I would recommend opening an issue before working on anything too significant, because this will greatly increase the chance that your work is still useful by the time you're ready to send a pull-request.

The reason for this is that the project is still young enough that I might make some drastic changes on a regular basis. I also recommend opening an issue if you want to start building something on top of it, so we can discuss stability of interfaces (which for the time being are subject to change without notice).

The omena branch is my laptop's remote and generally contains the latest and greatest and most broken code.

Code of conduct?

Github thinks having "code of conduct" is important, so here's one:

This project is a safe-space for minorities of any kind.

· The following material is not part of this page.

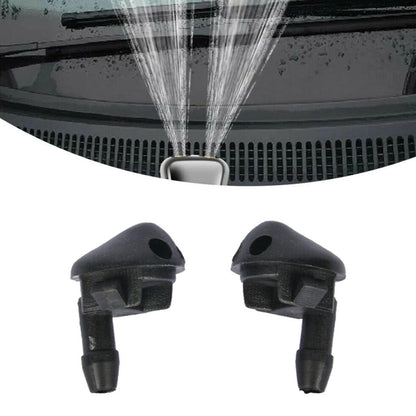 2x Windscreen Washer Jet Nozzle Suitable For Holden Commodore VR VT VX VY VZ 1993–2007.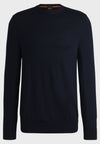 BOSS MAGLIONE AVAC_C da uomo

This project is not a safe-space for SJWs. Go away.

Instructions?

The first step is to include src/bjit.h.

The second step is to create a bjit::Proc which takes a stack allocation size and a string representing arguments (i for integer, f for single floats, d for double). The allocated block will always be the SSA value Value{0} (in practice this is the stack pointer) and the arguments will be placed in env[0..n] (left to right, at most 4 for now). More on env below. Pass 0 and "" if you don't care about allocations or arguments. Note that we don't have an LLVM-like mem2reg optimization, so you should not place variables in memory unless you need to index an array or pass a pointer somewhere. Put them into env instead.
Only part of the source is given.